▶ [Directions for this task] Repeat, line for line, only the span that opens at the "(2 Stuks) Bestekmand" line and closes at the final line below. Skip the pictures.

Start of Block

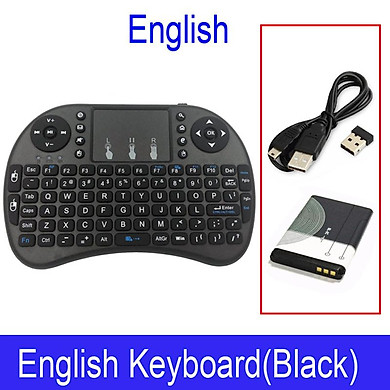 2.4GHz Mini Không Dây Bàn Phím QWERTY Đen Di Động I8 với BL 5C Pin Cho Máy Tính Bảng Windows TRUYỀN HÌNH Xbox PS3 Quả Mâm Xôi pi Trang Sức Giọt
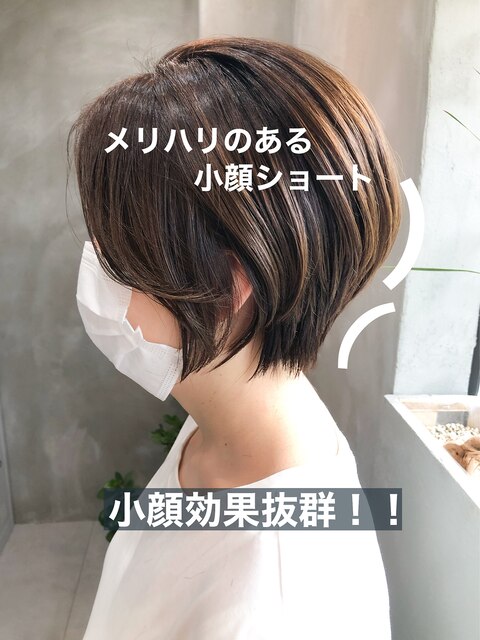 メリハリのある小顔ショート/横浜髪質改善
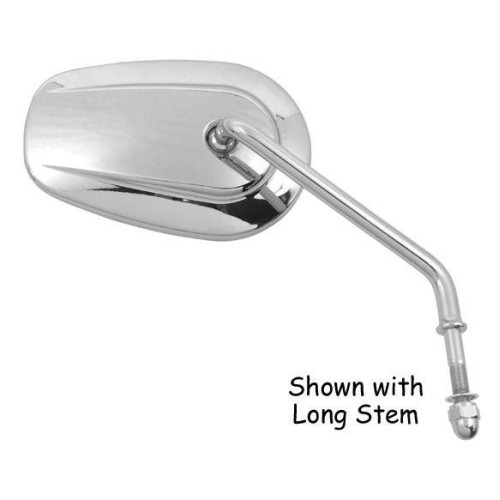 PartzBiz HD: 4409139-Mid-USA 47039 Chrome Right Short Stem Tapered Mirror Harley Repl OE 91840-03B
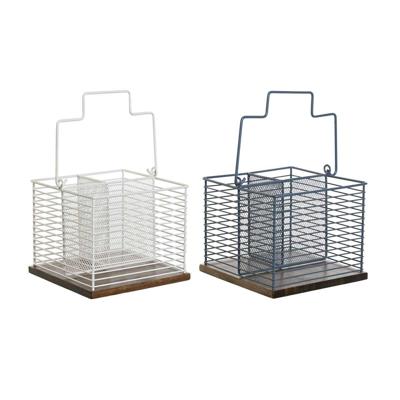 Bestekmand DKD Home Decor Blauw Wit Metaal Rubberwood 18 x 18 x 15 cm (2 Stuks) Bestekmand DKD Home Decor Blauw Wit Metaal Rubberwood 18 x 18 x 15 cm (2 Stuks)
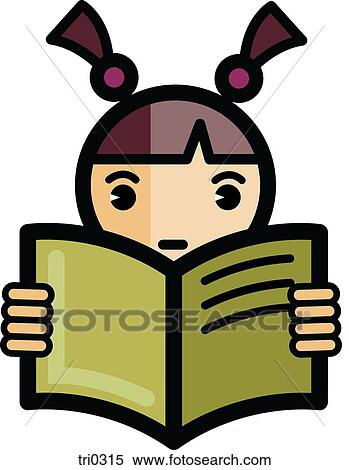 Stock Illustration - Illustration of a girl with pigtails reading. Fotosearch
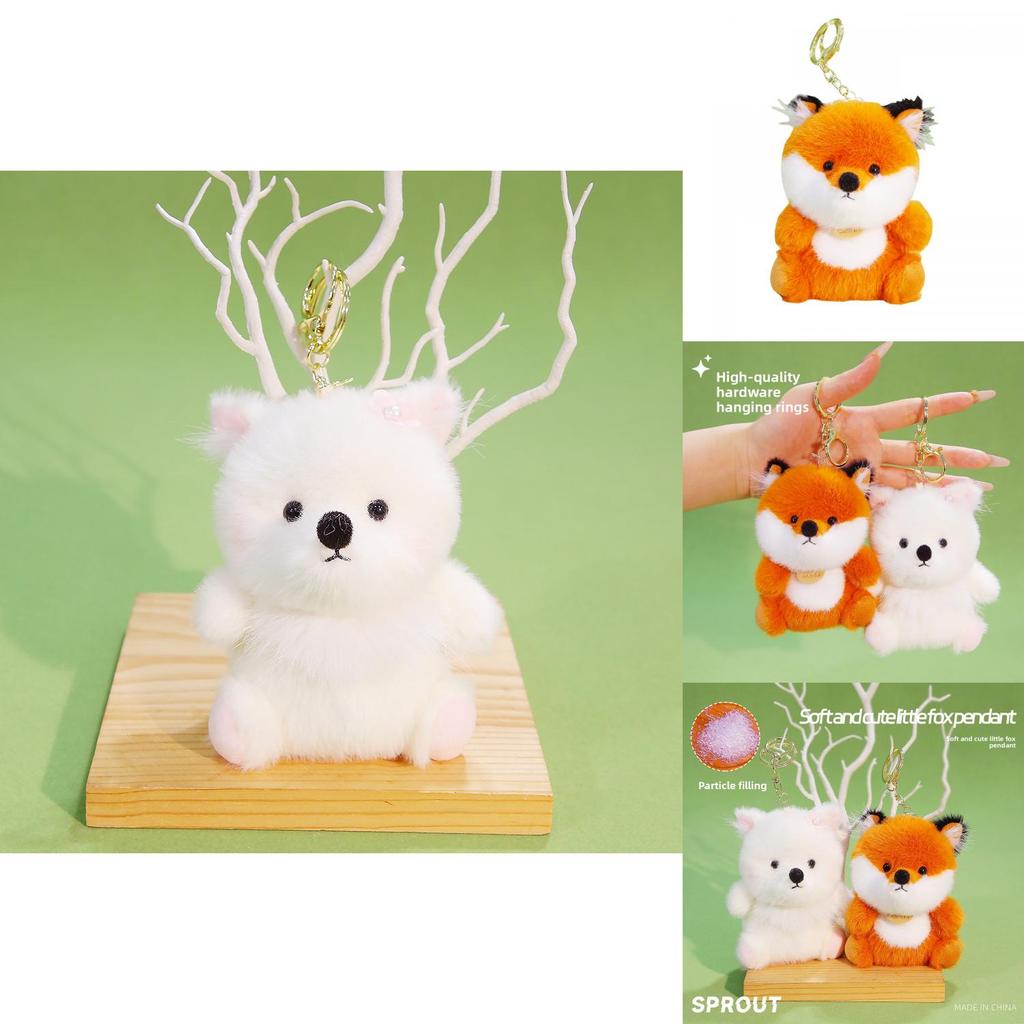 Cute Animal Fox Doll With Polyester Filling For Kids Backpack Accessory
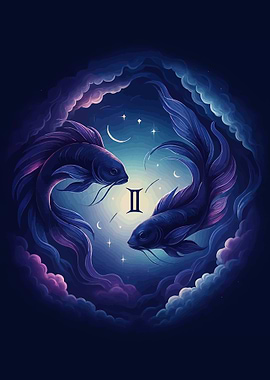 Gemini Zodiac Symbol with Fish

End of Block

▶ [Solution for this task]
 Bestekmand DKD Home Decor Blauw Wit Metaal Rubberwood 18 x 18 x 15 cm (2 Stuks) Bestekmand DKD Home Decor Blauw Wit Metaal Rubberwood 18 x 18 x 15 cm (2 Stuks)
 Stock Illustration - Illustration of a girl with pigtails reading. Fotosearch
 Cute Animal Fox Doll With Polyester Filling For Kids Backpack Accessory
 Gemini Zodiac Symbol with Fish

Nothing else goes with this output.